My hypothesis is that when there are changes in the concentration of lead in the NYC air, there will also be correlated changes in the number of complaints due to lead in the NYC 311 complaints.
The 311 dataset comes from the NYC open data website that can be found here: ‘NYC 311’. The data on the air quality came from the EPA website here: ‘EPA’.
There are a number of different complaints in the NYC 311 dataset. I have chosen complaints that I think will show any direct correlation.
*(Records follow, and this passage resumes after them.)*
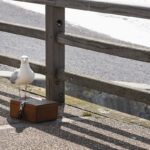 Chasse au Trésor - Normandie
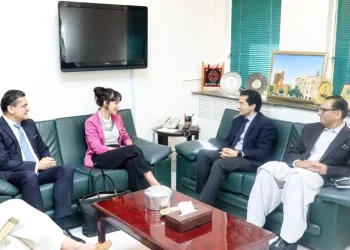 Pakistan invites Swedish firms to expand mining footprint beyond Reko Diq in upcoming PMIF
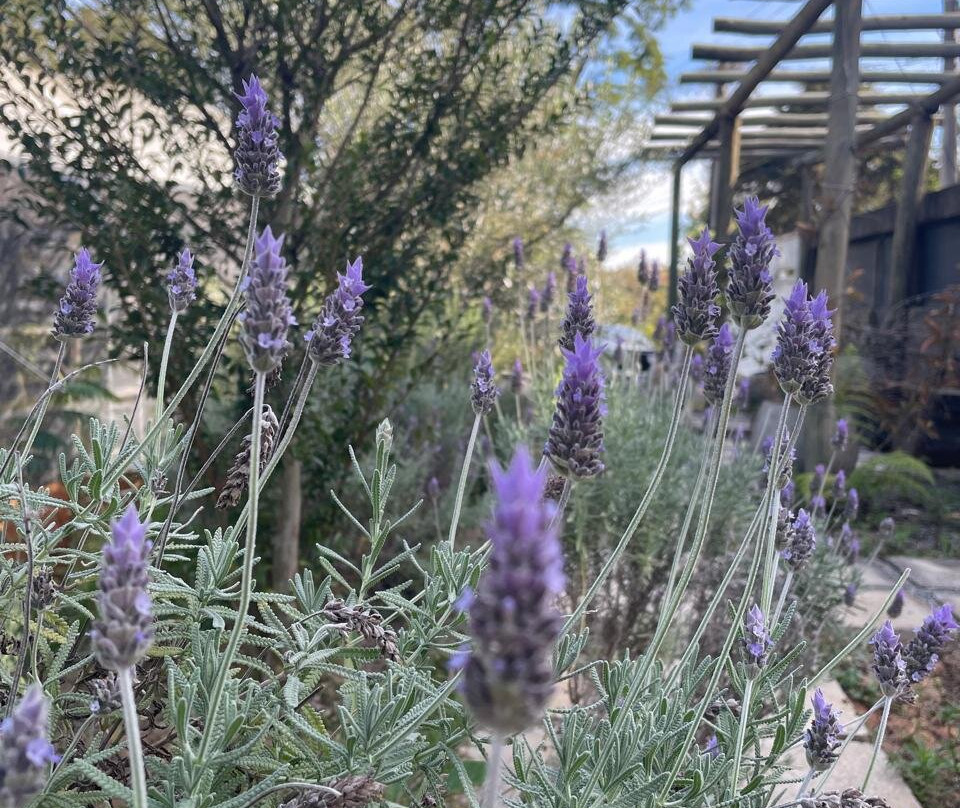 Fábrica de Orquídeas-Paty do Alferes必去景点
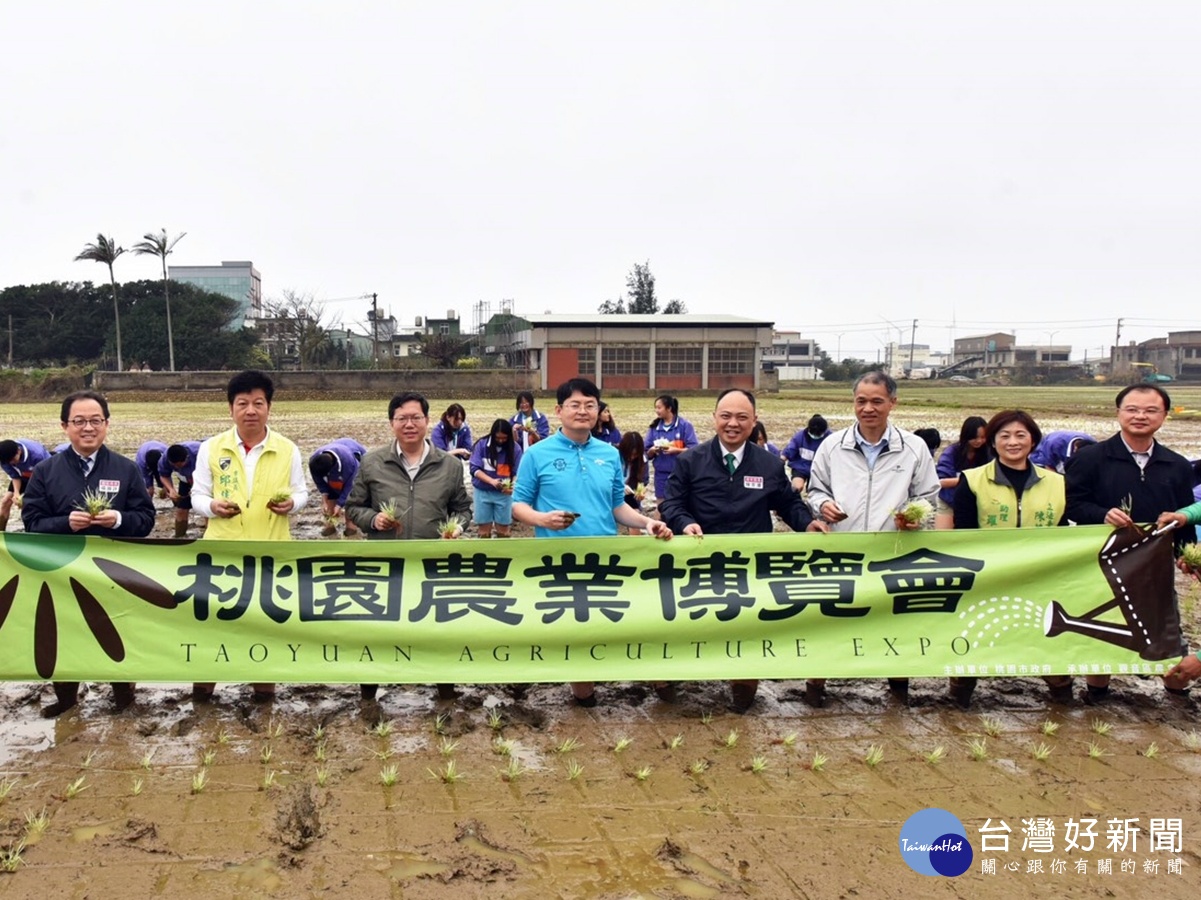 桃園市農業博覽會彩繪稻田插秧，視覺彩繪稻田景觀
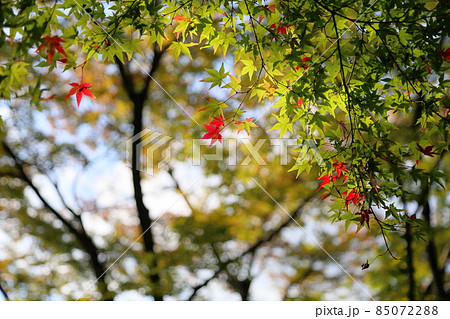 鮮やか紅葉イロハモミジ 鮮やか紅葉イロハモミジ 85072288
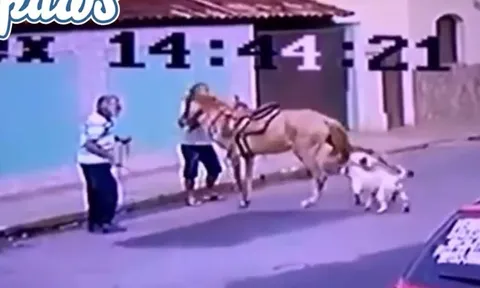 CLIP: Tấn công ngựa, 2 con chó Pitbull bị đá 'vỡ mồm'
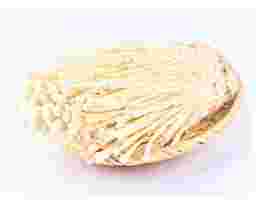 Song Khang - Nấm Kim Châm Hàn Quốc 150g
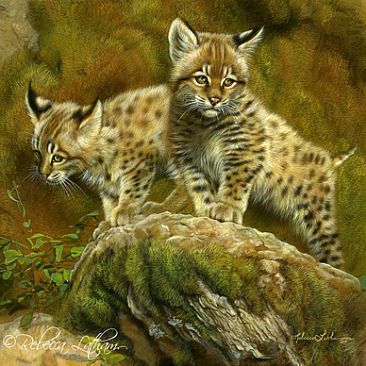 Explorers - Bobcat Kittens - Bobcat Kittens by Rebecca Latham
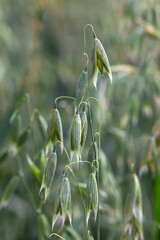 Detail of the green Oat Spike 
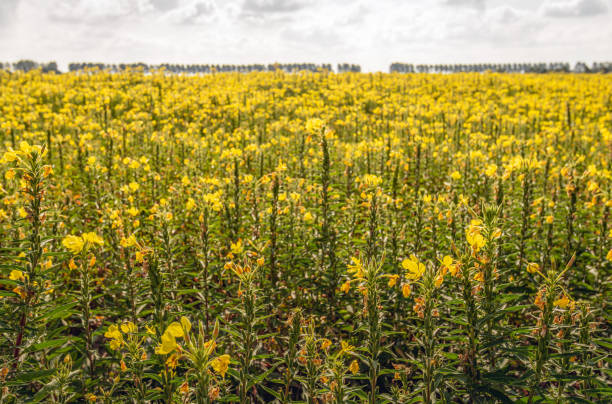 plantas comuns de florescência amarelas da noite-primrose no campo - 5440 - fotografias e filmes do acervo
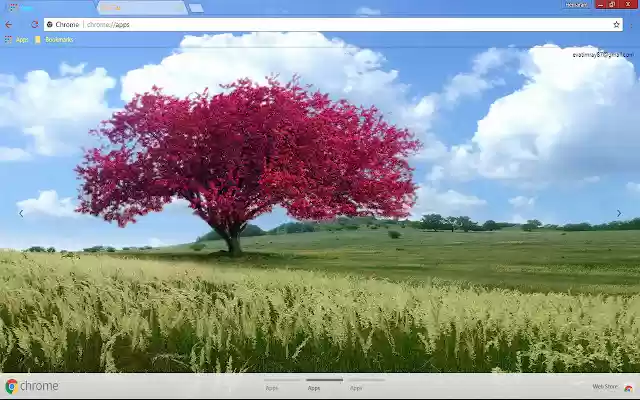 Dazzling Nature  from Chrome web store to be run with OffiDocs Chromium online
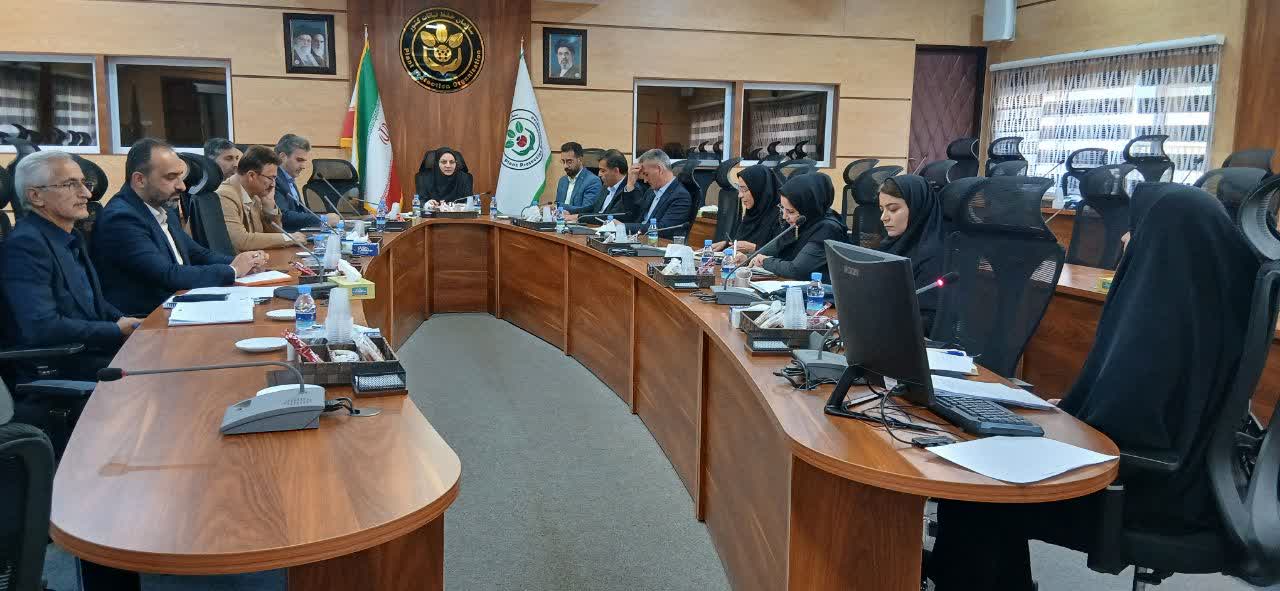 نظام‌مندسازی صادرات کیوی/ از سامانه یکتا برای حفظ و توسعه بازارهای جهانی بهره‌گیری شود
Specifally I focus on complaints that could be due to lead contaminants in water, lead in paint, and lead in waste.
complaints <- c('Lead','Radioactive Material','Water Quality',
'Air Quality','Industrial Waste','Drinking Water',
'Water System','Drinking','PAINT/PLASTER',
'PLUMBING', 'General Construction/Plumbing')
filtered_df <- df_311 %>% filter(`Complaint Type` %in% complaints) %>%
select(date_ = Date, `Complaint Type`, Longitude, Latitude)
dim(filtered_df)
[1] 139413 4
We can see that there is over 139,000 observations
During other anlyses of the PM2.5, carbon monoxide, and ozone air quality datasets, the air quality index (AQI), was a good indicator for those variables.
If we look at the unique values we can see that they do not vary at all so would not be helpful in any analyses.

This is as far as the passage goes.